With fears of a euro break-up subsiding, investors have been trickling back towards the European property market, with Germany coming up trumps.
Confidence in Germany has been so strong that it has overtaken Britain to become the most attractive European property market in 2013.
This is according to a recent report by property consultant CBRE Group. After surveying 362 investors, including some of the world’s largest fund managers, it found that 35% selected Germany as the most appealing market, compared with just 24% who chose the UK.
With property investors hovering over Europe once again, it looks as though 2013 could see a reversal in the misfortunes of the European property market.
Following strong action from the European Central Bank last year, just 9% of respondents said a break-up was the greatest threat to recovery, marking a significant decrease from the 24% it stood at in 2012.
The recession remained the predominant concern, with almost half saying they were most worried about the stagnant economy.
Peter Damesick, CBRE's head of European research, said: “While recession is a key concern, investors' fears of a euro break-up have subsided, and the overall impact of the euro zone crisis on investment activity appears to have eased.
“The next 12 months could mark the beginning of a reversal of the strong polarisation that has characterised European property investment market over the past two years,” he continued.

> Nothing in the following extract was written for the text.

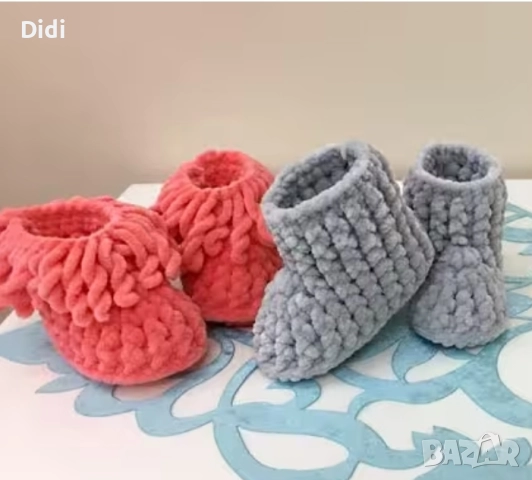 Ръчно плетени терлички в цвят и размер по Ваше желание , снимка 2 - Бебешки чорапи - 52421018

While Germany has steamed ahead of Britain in property investors’ books, London has beaten both Munich and Berlin as the most favoured city for property investment.
With 31% of the vote, London has retained its status as a safe haven for overseas investors seeking stability outside the volatile eurozone.
The results also indicated the growing confidence in the recovery of the Irish and Spanish economies and real estate markets, with Dublin and Madrid coming in sixth and ninth place respectively among the top 10 favoured cities.